Exercise input =>
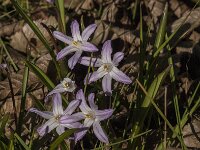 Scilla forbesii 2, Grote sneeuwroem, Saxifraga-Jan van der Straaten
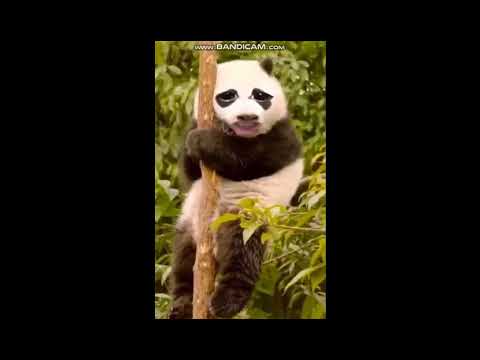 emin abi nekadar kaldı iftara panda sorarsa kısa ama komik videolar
--
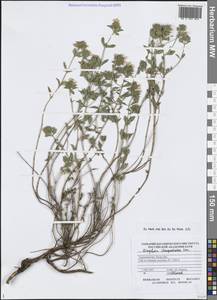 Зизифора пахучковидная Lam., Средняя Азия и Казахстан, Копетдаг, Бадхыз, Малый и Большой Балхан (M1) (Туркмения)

Problem to solve => In the listing above, find the line with "Scilla forbesii 2, Grote" and output it and every line after it up to and including the line with "emin abi nekadar", exactly, minus the pictures.

Response to this task =>
 Scilla forbesii 2, Grote sneeuwroem, Saxifraga-Jan van der Straaten
 emin abi nekadar kaldı iftara panda sorarsa kısa ama komik videolar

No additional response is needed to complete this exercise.